RECORDED DATA section start

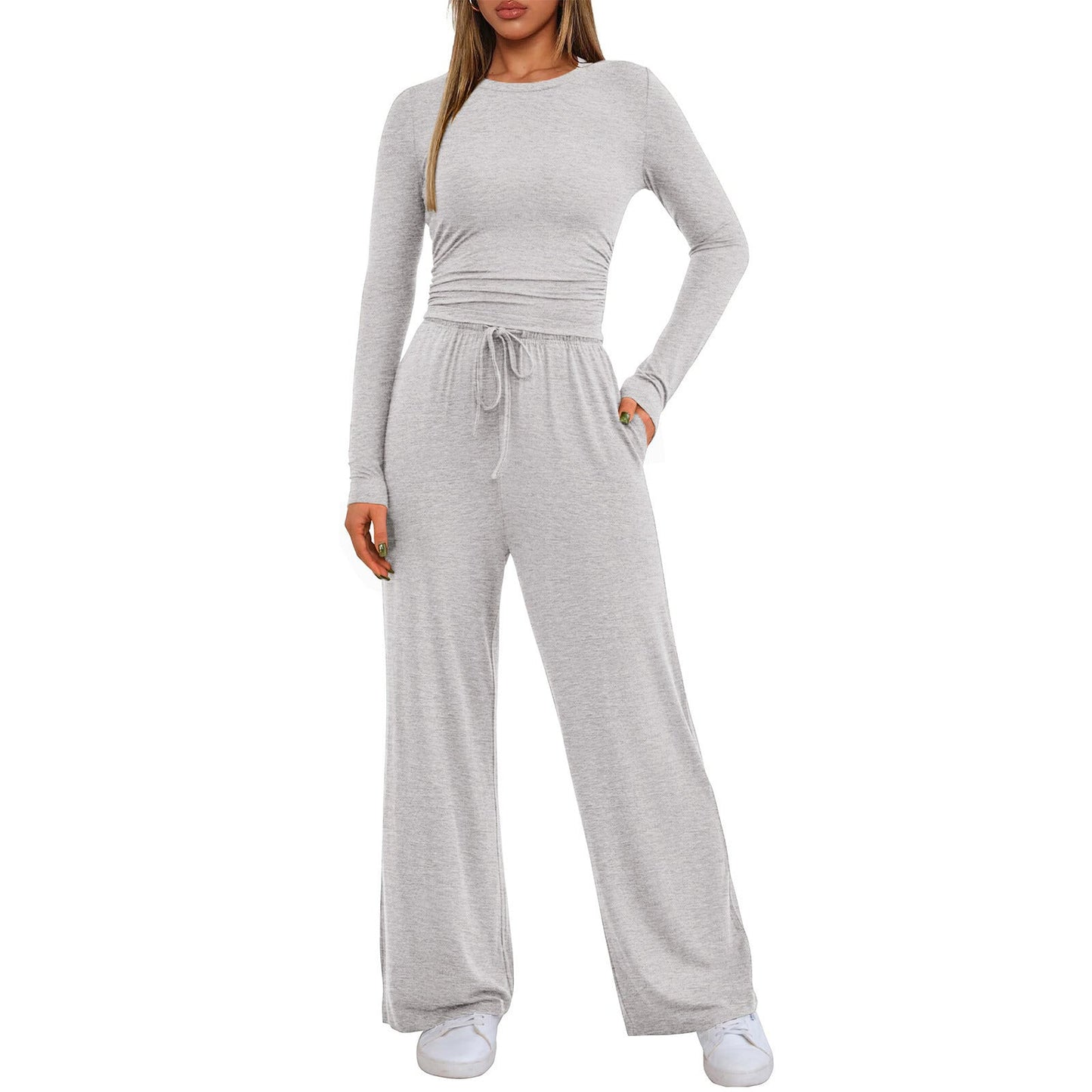👚👖 Women's Casual Wear Long-Sleeved Loose-Fit Trouser Set 💕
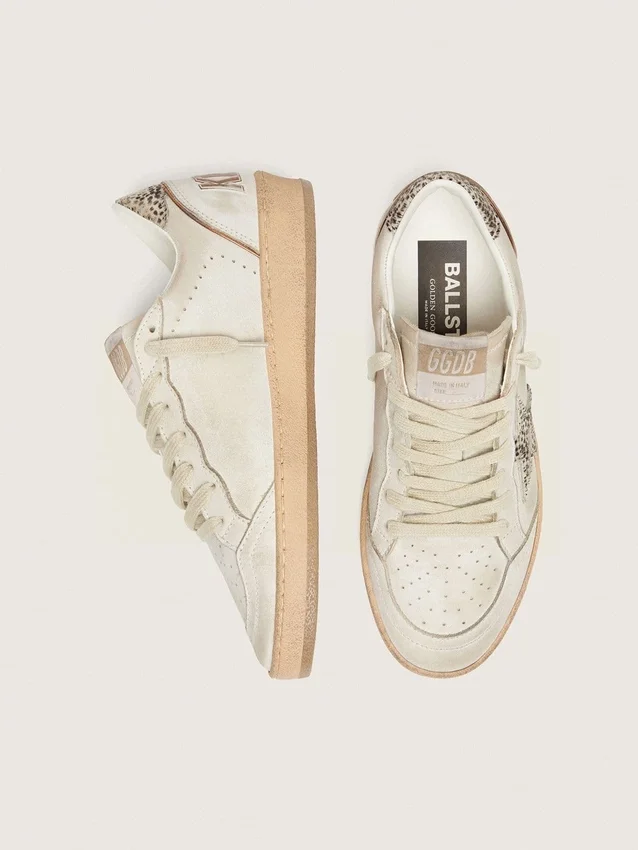 Ball Star LTD pour femme en cuir blanc avec étoile en cuir de poney à imprimé animalier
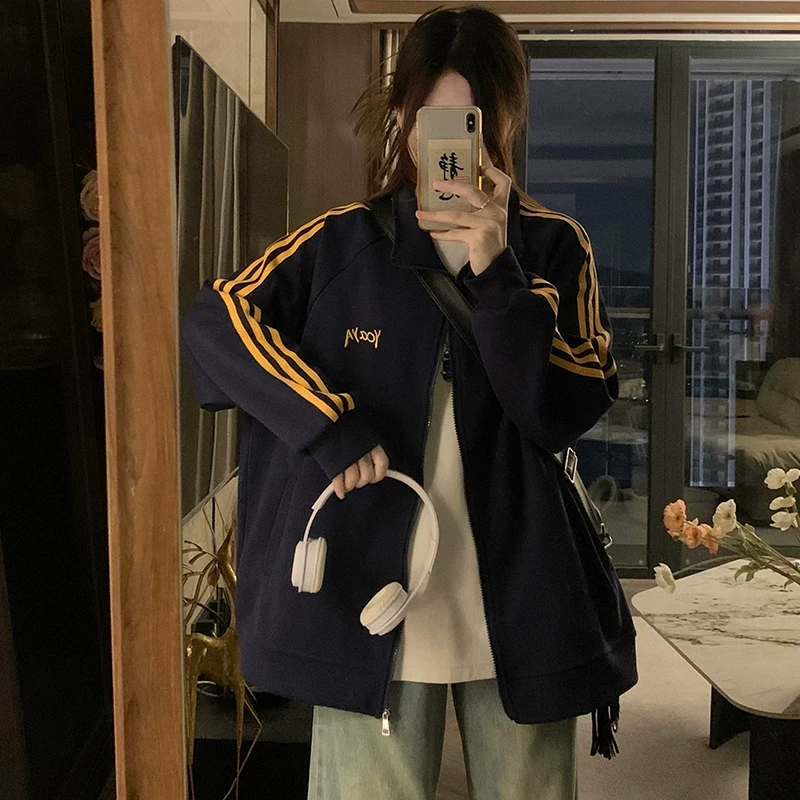 美式复古三条杠立领卫衣外套女春秋薄款加厚设计高级感开衫棒球服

RECORDED DATA section end

YOUR ASSIGNMENT —
Copy the listing exactly. Leave the pictures out.

RESULT FOR THIS TASK —
👚👖 Women's Casual Wear Long-Sleeved Loose-Fit Trouser Set 💕
 Ball Star LTD pour femme en cuir blanc avec étoile en cuir de poney à imprimé animalier
 美式复古三条杠立领卫衣外套女春秋薄款加厚设计高级感开衫棒球服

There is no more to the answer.